Figure 14 shows the maximum number of devices supported in real time versus the number of time series to compute per device. As a bidirectional time series requires two classes, the case of six time series (six classes) corresponds to three bidirectional time series. This could represent, for example, the case of an operator who wants to measure the bidirectional traffic from each IoT device to its central collector, any server in its server farm, and everywhere else. The results for 10 time series consider the possibility of two extra bidirectional time series per device. We have included the results for up to 20 classes per device, or 10 bidirectional time series. Figure 14 is based on the devices that generate an average of five pkt/s.
The results depend on the traffic profile, or how the random traffic process is generated. For a present IoT network scenario with six classes per device, and an average of five pkt/s per device, more than 40,000 devices are supported. Using 20 classes, at least 20,000 devices are supported in a single-core CPU processing machine.
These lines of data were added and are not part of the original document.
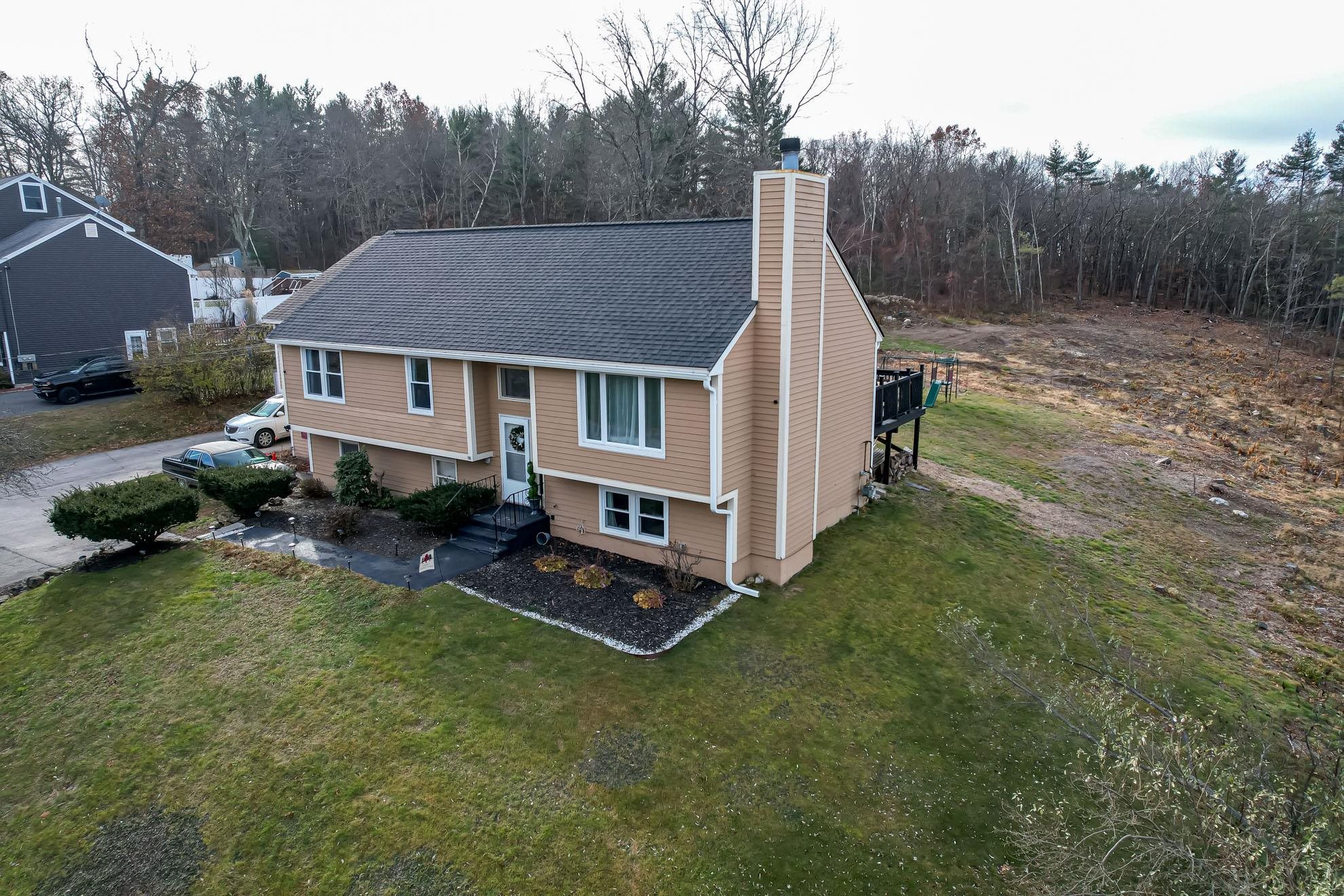 11 Rangers Drive, Unit B Hudson, NH 03051 - Photo 1 of 36 Gallery Image 1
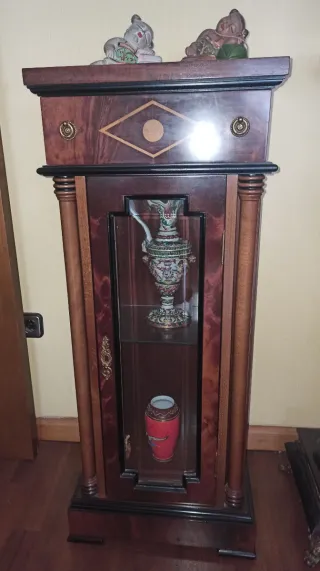 Vitrina pequeña decorativa de madera Recoger.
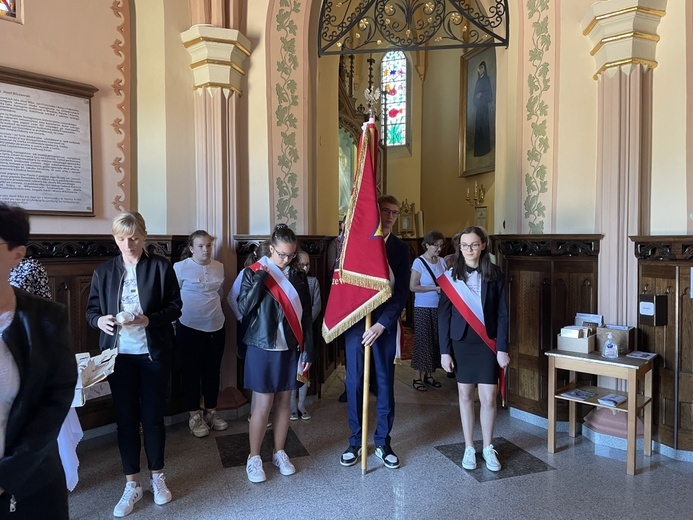 Inauguracja Roku Jubileuszowego w Zespole Szkół im. św. Józefa Bilczewskiego w Wilamowicach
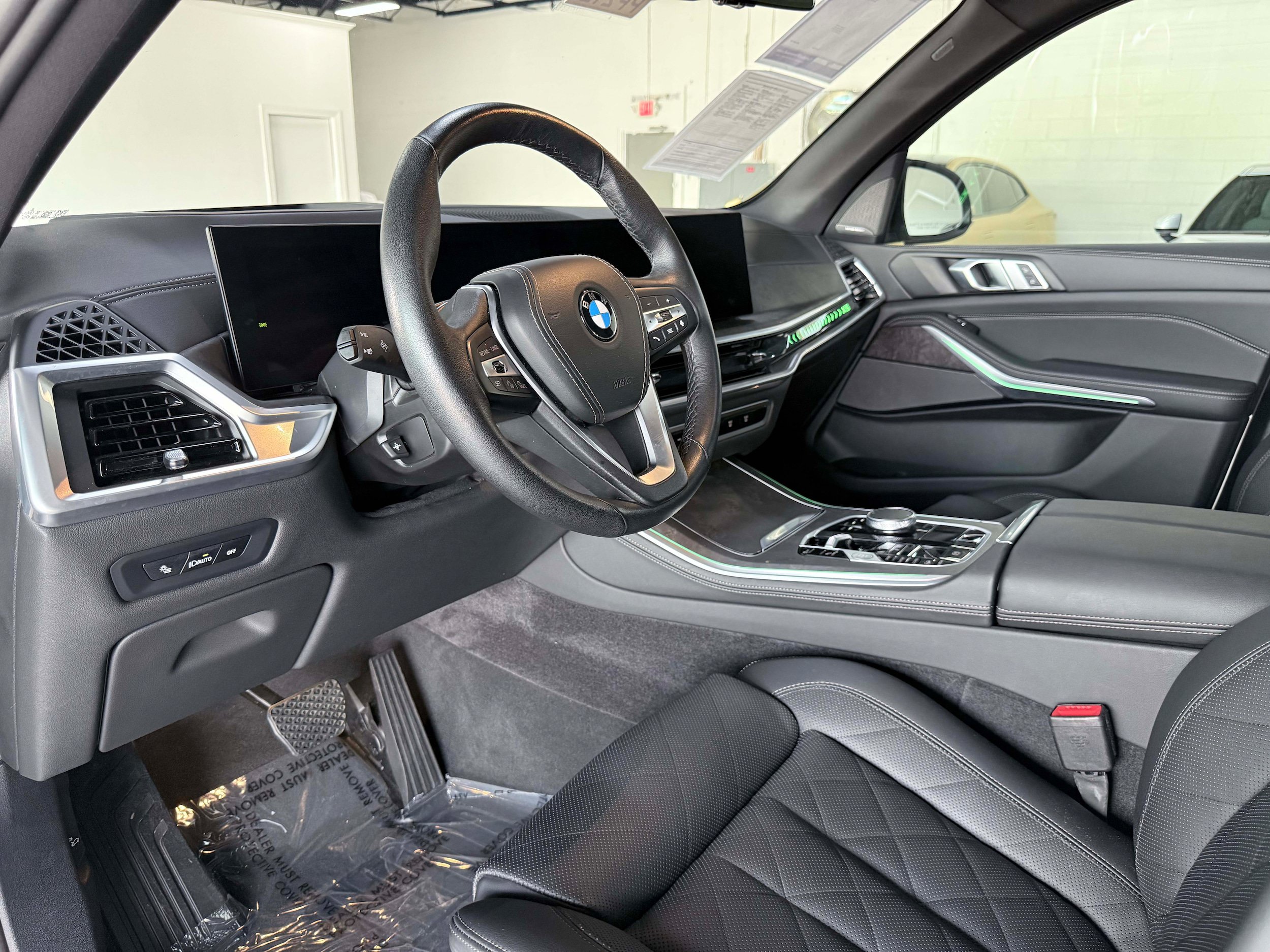 Used 2026 BMW X5 xDrive40i AWD/4WD image 11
For a traffic profile similar to a generic Internet access link, better results are obtained, especially for low numbers of classes. The results for typical IoT scenarios are worse, owing to the small average packet sizes.
Figure 15a,b show the number of supported devices when the amount of traffic generated by each device is increased from five pkt/s up to 40 pkt/s. Figure 15a considers six time series per device, and Figure 15b shows the requirement of 10 time series per device. This represents future scenarios where IoT devices collect more frequent measurements or send larger files to the central collector. For example, a camera creating a 15-kB image every second could easily result in a traffic intensity of 15 or 20 pkt/s, considering both directions of the traffic.
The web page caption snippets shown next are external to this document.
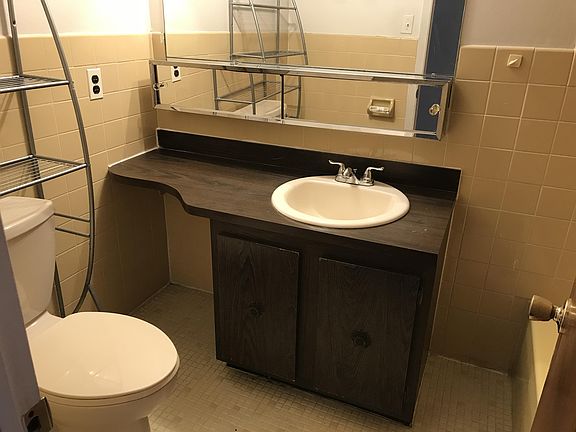 5th image of 2532 Faunce St Floor 1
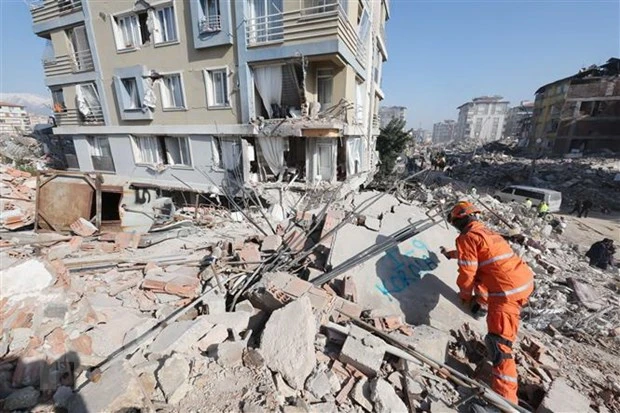 Các tòa nhà bị phá hủy sau trận động đất tại Antakya, Thổ Nhĩ Kỳ, ngày 10-2-2023. Ảnh: Yonhap/TTXVN
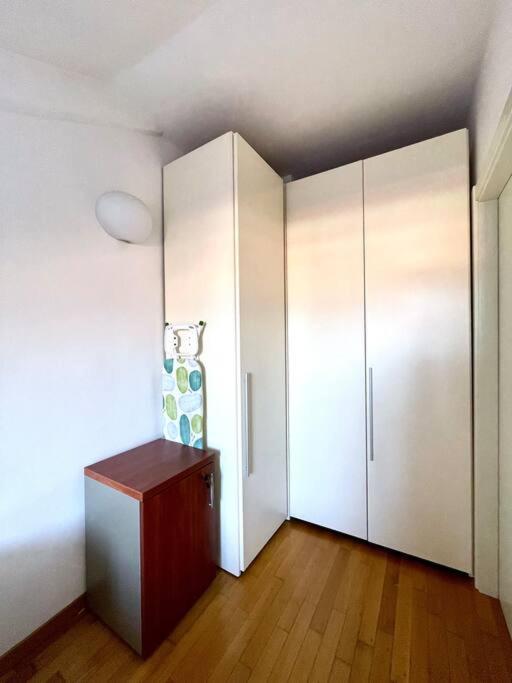 Luminoso Bilocale Con Terrazzo Apartamento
Figure 15 shows that by using six classes (three bidirectional time series) and high traffic intensity-generating devices (up to 40 pkt/s), at least 10,000 devices would be supported by both algorithms.
Although both set-pruning methods (DStries and DStries with recursive search) offer similar speed results, they present some hidden drawbacks that must be considered. The data structure that set-pruning DStries stores in memory duplicates the class information; therefore, its memory footprint is higher than the one from a simple recursive search or the linear search method. Figure 16 shows the memory usage for both DStries-based algorithms and both traffic traces. Although the linear method presents minimal memory usage, it must be discarded as a suitable algorithm, owing to its low performance in terms of packets processed per second for a large number of classes.
The second drawback in set-pruning DStries is the difficulty in updating its memory structures. Whenever a new class has to be added to the structure, the whole structure must be recreated from scratch. This is simpler than updating the structure incrementally. Adding (or removing) classes must be performed whenever new IoT devices are added to the network and monitoring platform. This is typical in large deployment scenarios, as it could be in household metering devices in an electric company. Figure 17 shows the time that is required to build the DStrie in the reference computer when a single new class must be added to an already existing structure. The time to build a set-pruning DStrie for hundreds of thousands of classes may reach several minutes; thus, the algorithm is not useful if the set of classes to monitor must change frequently.

4. Conclusions

We herein demonstrated how a single-core CPU could create the traffic time series for tens of thousands of IoT devices, even when several time series were required for each device. The results depended on the number of time series desired, and the traffic intensity created by each IoT device. Considering different traffic profiles, the results were validated using traffic from a real IoT deployment scenario with more than 200,000 devices, and from a generic Internet access link.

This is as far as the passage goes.